Талита сделала шаг и остановилась.
— Ты что — некрофил? — сказала она. — Пошли отсюда.
— Это единственное прохладное место, согласна? Я думаю, не поставить ли мне здесь раскладушку.
— Ты побледнел от холода, — сказала Талита, подойдя к нему. — Пойдем, мне не нравится, что ты здесь.
— Не нравится? Не бойся, они не вылезут и меня не съедят, те, которые наверху, страшнее.
— Пойдем, Орасио, — повторила Талита. — Я не хочу, чтобы ты здесь оставался.
— Ты… — сказал Оливейра, глядя на нее в ярости, но сдержался и открыл бутылку пива ударом ладони по крышке, зацепленной за край стула. И тут он ясно увидел бульвар под дождем, но не он вел кого-то под руку, пытаясь найти слова сочувствия, а это его вели, это ему протянули руку из сострадания и говорили с ним, потому что хотели вернуть ему душевный покой, и так его жалели, что это было даже приятно. Прошлое предстало в ином свете, оно поменяло знак на противоположный, и оказалось, что Сострадание его не уничтожило. Эта женщина, которой вдруг пришло в голову поиграть в классики, пожалела его, и это было так ясно, что обожгло ему душу.

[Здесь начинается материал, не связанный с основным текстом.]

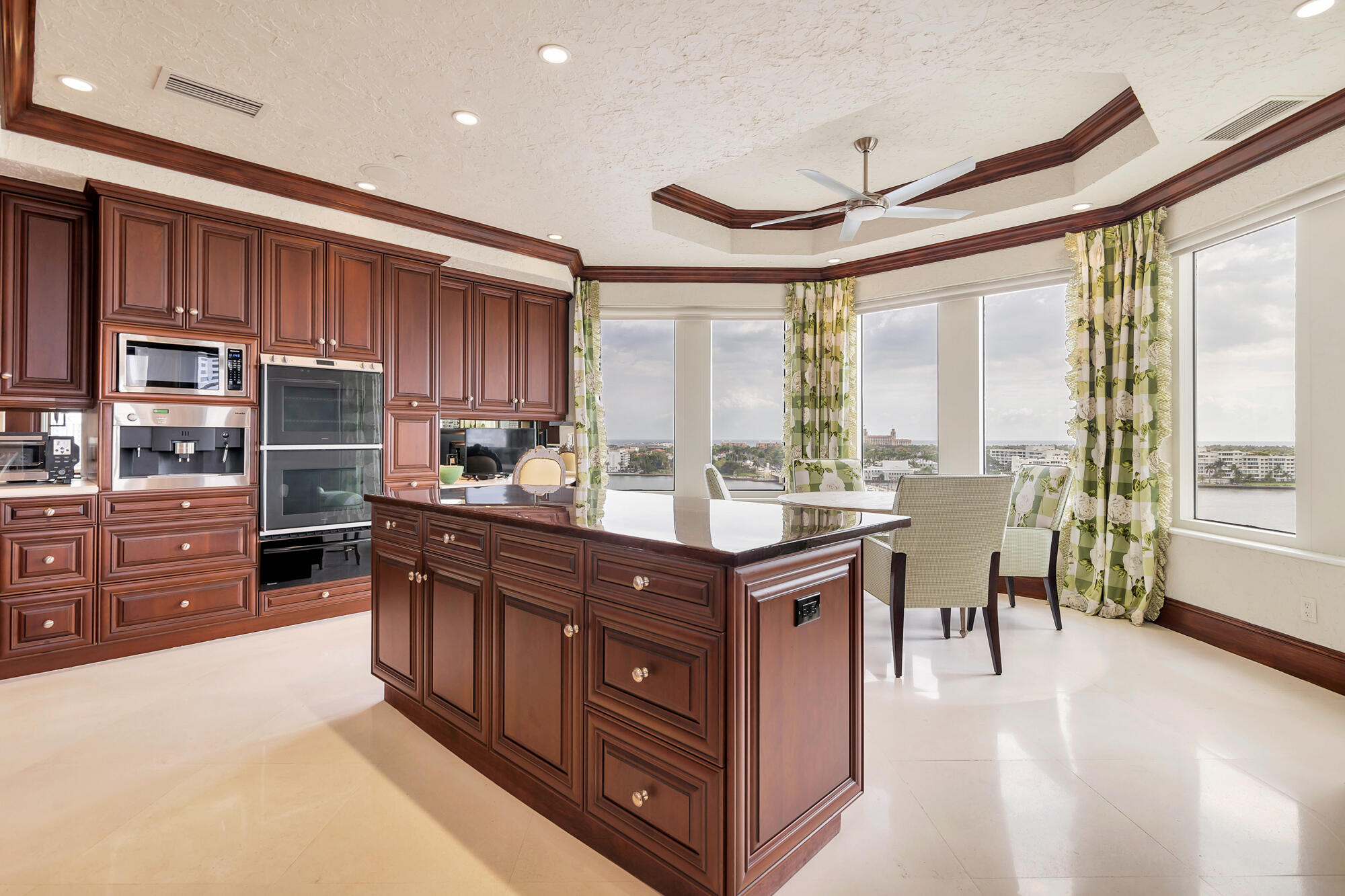 ONE WATERMARK PLACE OF THE PALM BEACHES - Residential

— Мы можем подняться на второй этаж и там поговорить, — убеждала его Талита. — Возьми бутылку, я тоже немного выпью.
— Oui, madam, bien sûr, madam,[547]
— сказал Оливейра.— Наконец-то ты заговорил по-французски. Мы с Ману решили, что ты дал обет. Никогда больше…
— Assez, — сказал Оливейра. — Tu m’as eu, petite, Céline avait raison, on se croit enculé d’un centimètre et on l’est déjà de plusieurs mètres.[548]
Талита посмотрела на него, не понимая, однако она непроизвольно подняла руку и положила ее на грудь Оливейры. Когда она отстранилась, он продолжал смотреть на нее так, будто взгляд его шел откуда-то из глубины, будто он видел в этот момент что-то другое.
— Попытайся понять, — сказал Оливейра, обращаясь не к Талите, а, возможно, к кому-то другому. — Попытайся понять, может, это не ты выплюнула на меня сегодня столько жалости. Попытайся понять, может, не стоит плакать по любви и наплакать целых четыре или пять тазов слез. Или чтоб тебе их наплакали, поскольку слезы уже начались.